Each line from the one with "a house with" through the last line below must be written out exactly. Do not copy pictures.

• Task inputs:
__________

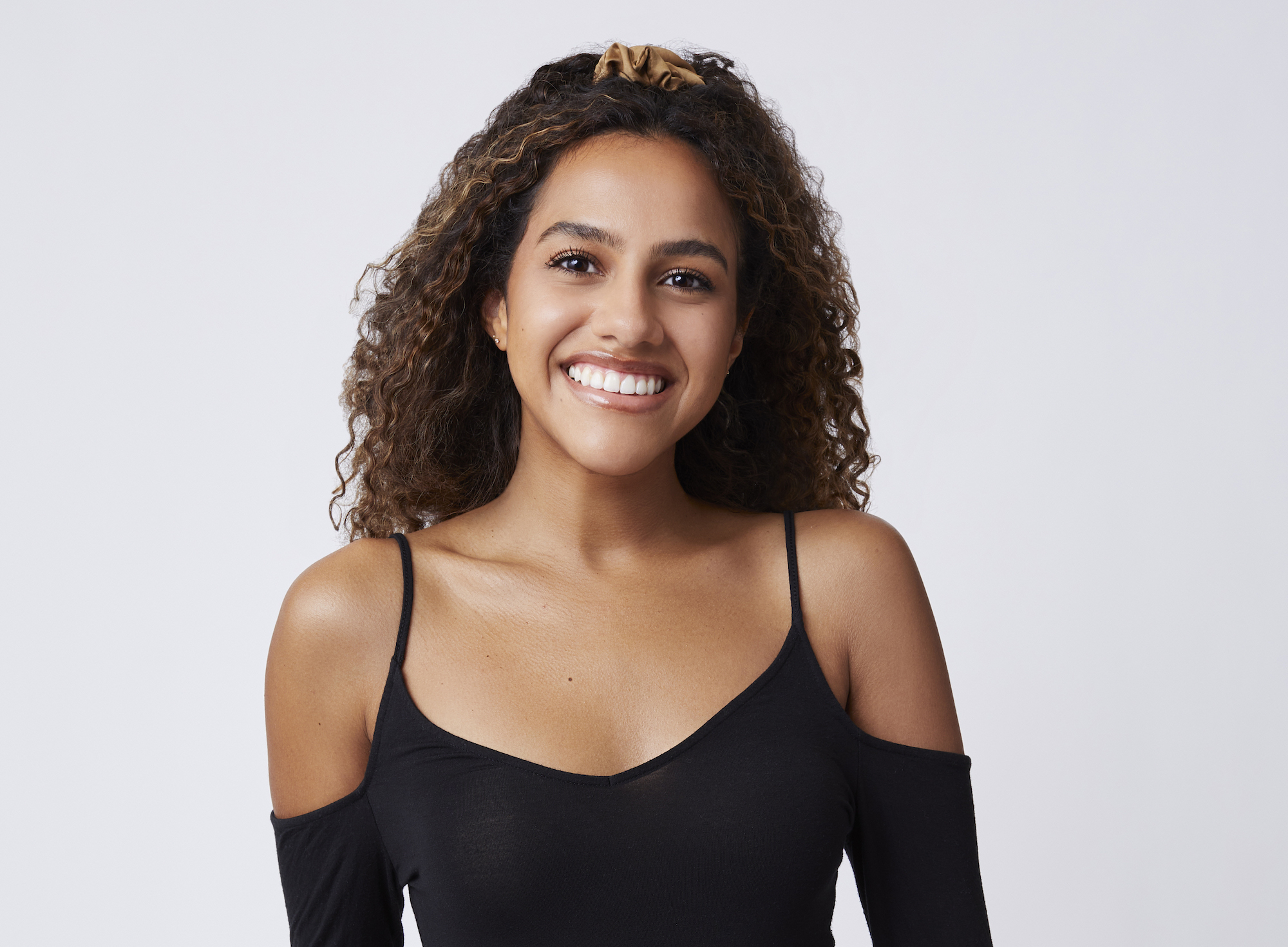 'The Bachelor' 2022 contestant Teddi Wright seen here in a promotional image wearing a black cold shoulder top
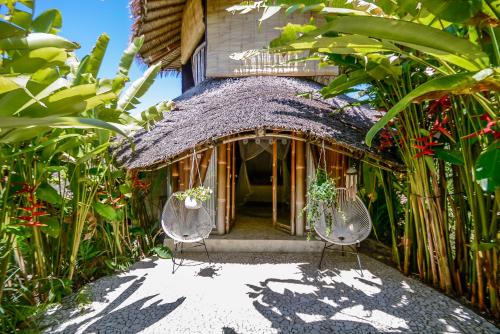 a house with a thatched roof with two chairs at Le Bamboo Bali in Uluwatu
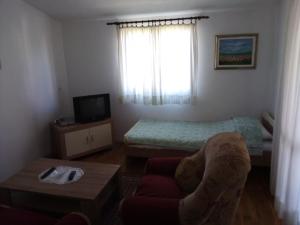 een kleine woonkamer met een bank en een bed bij Nada Apartments in Poreč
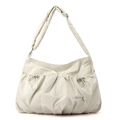 Detail of cream nylon crossbody bag featuring ruched drawstring texture and logo patch - Bone White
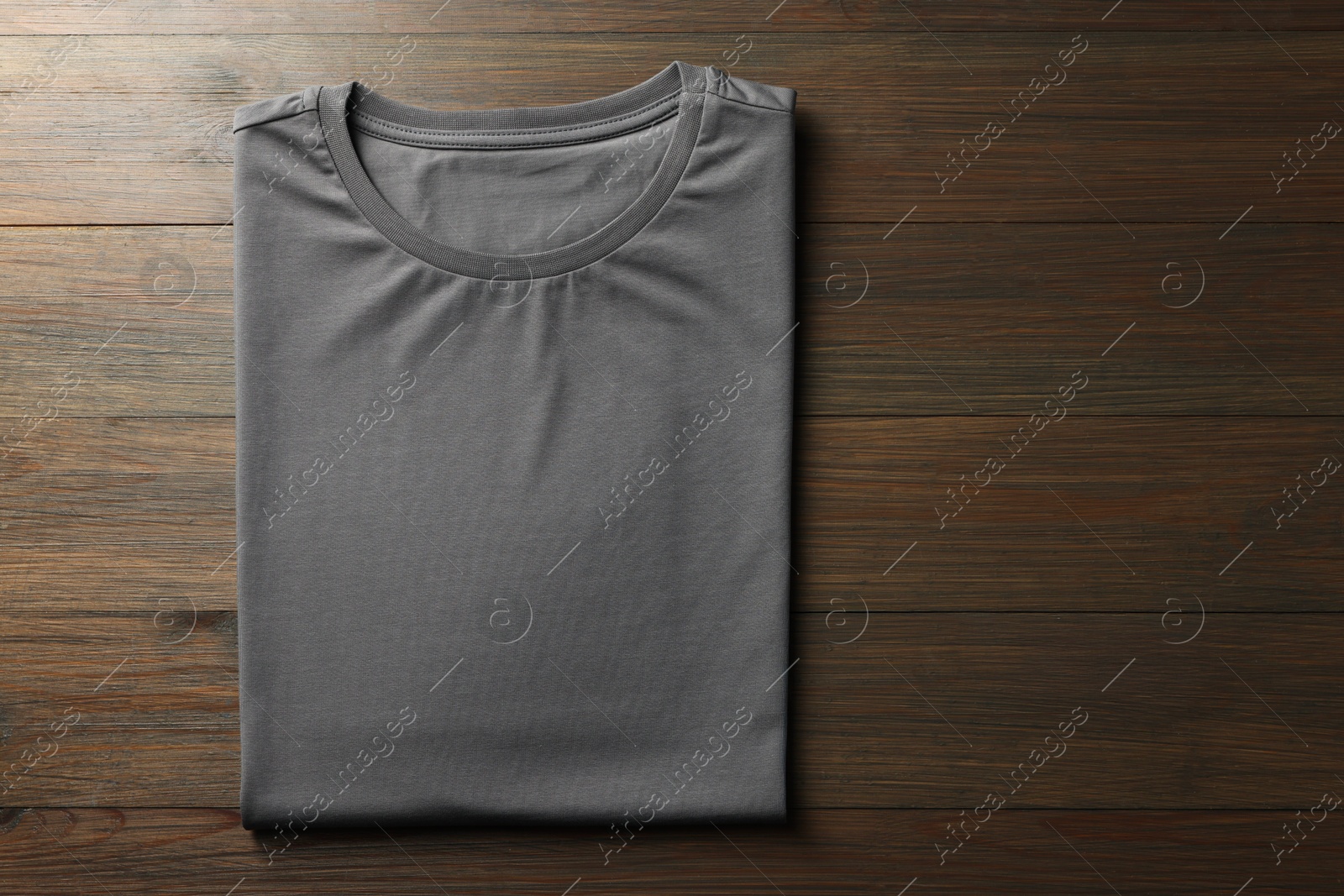 Photo of Blank grey t-shirt on wooden background, top view. Mockup for design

__________

• Task result:
 a house with a thatched roof with two chairs at Le Bamboo Bali in Uluwatu
 een kleine woonkamer met een bank en een bed bij Nada Apartments in Poreč
 Detail of cream nylon crossbody bag featuring ruched drawstring texture and logo patch - Bone White
 Photo of Blank grey t-shirt on wooden background, top view. Mockup for design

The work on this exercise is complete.